Curt Hugo Johannes Weibull was born in Lund, Sweden. He was a member of the noted Swedish Weibull family. He was the son of professor Martin Weibull (1835-1902) and brother of historian Lauritz Weibull (1873-1960). He and his brother both attended the University of Lund. 
Curt Weibull was a professor of history at the University of Gothenburg from 1927-1953 and its rector from 1936 to 1946. In 1928 he and his brother, Lauritz Weibull, initiated the periodical Scandia. Together they are known for having introduced a critical theory of history to Swedish historical research, inspired by German historian Leopold von Ranke (1795-1886). Weibull was an important mentor to noted Swedish historian Erik Lönnroth (1910-2002) who further developed the methods of evaluating sources.

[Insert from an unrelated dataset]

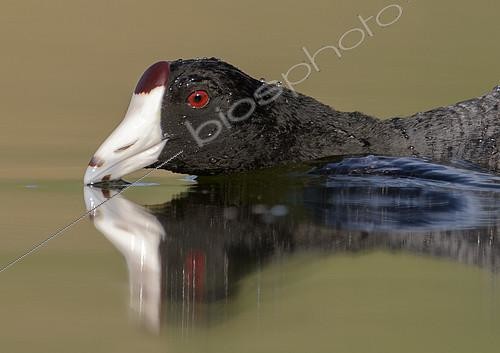 Biosphoto | 2408632 | American Coot (Fulica americana), British Columbia, Canada | &copy; Alan Murphy / BIA / Biosphoto
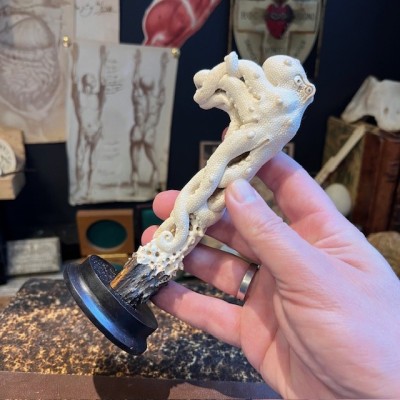 Deer antler wood sculpture - Octopus on trunk - On pedestal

His most important and acclaimed work is a criticism regarding the interpretation and the ahistoricism of the Gesta Danorum by the 12th century Danish historian Saxo Grammaticus. This piece was named: Saxo. Kritiska undersökningar i Danmarks historia från Sven Estridsens död till Canute VI (Saxo. Critical studies in Denmark's history from Sven Estriden's death to Canute VI), and was rather controversial at the time, as it revealed the vague basis of Denmark's older history of the time.
In 1991, when he was 105, his last work was published: an article in a book celebrating the 100th anniversary of the University of Gothenburg. That probably makes him the oldest historian in the world to have a new study published while still alive. An anecdote tells that when a Danish historian was counter-criticizing parts of Weibull's Ph.D. thesis (from 1916) on Saxo Grammaticus in his own thesis (believing Weibull to be dead since this was after his 100th birthday) Weibull appeared in the public disputation angrily defending his work. During the late 1970s, while lecturing about his life and his research to younger students, he had humorously remarked about a Danish professor who had criticized his own thesis when it appeared: "I haven't replied in depth to the criticism of the professor. But it's not too late, now is it?"